Chris Vernon is a senior data scientist as Pacific Northwest National Laboratory. Chris specializes in all things geospatial and
is a noisy proponent of open-source software and reproducibility within integrated science. Chris is engrained in MSD research
as the lead software engineer for the Integrated Multisector Multiscale Modeling (IM3) project and the Enabling and
Foundational Capabilities task lead for the Global Change Intersectoral Modeling System (GCIMS) project.
We will likely agree that the scientific method proposes that we interrogate our results from experimentation to grow our collective knowledge of a topic which is in turn used to conduct more observations and so on. This is one reason we conduct literature reviews and write publications with introductions that summarize the contributions of those that have come before us. A proficient scientist will often find the need to reproduce the work of others or investigate the process by which it was created to gain insight into their own research. This method that keeps us interconnected is an inherent part of who we are as scientists and is a fundamental reason for why we disseminate our work.

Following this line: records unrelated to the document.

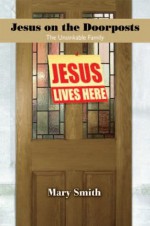 Jesus on the Doorposts - Mary Smith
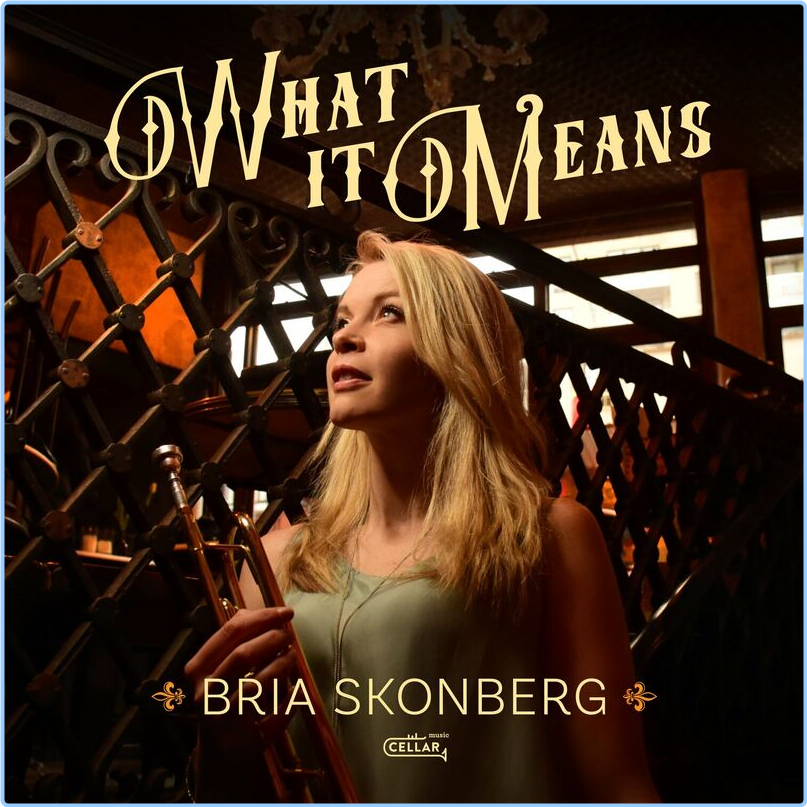 Bria Skonberg What It Means (2024) [320 Kbps] 02hCTmjO_o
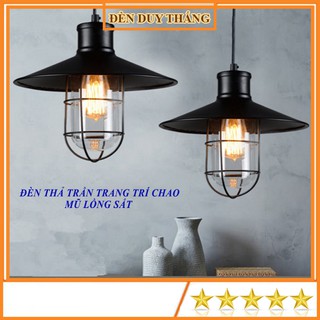 Đèn Thả Trần Trang Trí Chao Mũ Lồng Sắt, ĐÈN DUY THẮNG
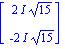 Vector[column]([[2*I*15^(1/2)], [-2*I*15^(1/2)]])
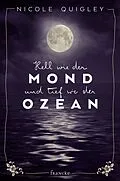E-Book (epub) Hell wie der Mond und tief wie der Ozean von Nicole Quigley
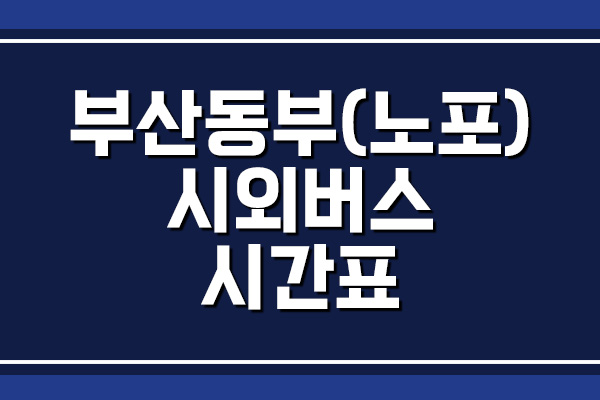 부산동부(노포)터미널 시외버스 시간표 및 요금표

Many publications are present in high-impact forums that examine the meaning and deficiencies of reproducibility in science in the context of scientific integrity, generalizability, reliability, etc. I think we can simplify these a bit by stating our basic agreement which is that reproducibility is part of the scientific method, our ethos. It is easy to confuse reproducibility with results, products, or conclusions that we share because these are rewards that rise to the top whereas reproducibility supports the underlying cyclical nature of the scientific method which allows us to progress. In the words of Richard Feynman, “it isn’t the stuff, but the power to make the stuff, that is important.”
Good news—reproducible science as a part of our ethos is not abstract! In fact, I propose it can be summarized in an applied sense by the following: disseminate your research in a way that someone who has no understanding of your subject matter could walk step-by-step through a document describing your process with the tools and data you give them and reproduce your results. I would be remiss if only giving an application lacking a proposed solution, so I present the meta-repository (https://github.com/IMMM-SFA/metarepo). This document is used in the form of a GitHub repository to relay information which simply describes your research, the references that support it, citations, and accessibility guidelines for source data products any contributing software, and finally a section that describes step-by-step how to reproduce your experiment. Those who have built a diagram showing the interactions between models for integrated experiments know that a large portion of our time is often spent on the arrows, or how systems communicate. The meta-repository itself is used to version and store any code that facilitates this communication that is not imported from another source.
Creating reproducible research in this manner will also have side-effects. When used in combination with well-documented, open-source software and data, reproducibility can cause 1) an unusual amount of time to surface for use in conducting new research, 2) quick on-boarding of new staff to a project, 3) a deeper understanding of the science we are communicating, 4) a decrease in spending on duplicative efforts, and 5) a general feeling of value knowing that you have supported those who will continue where you have left off.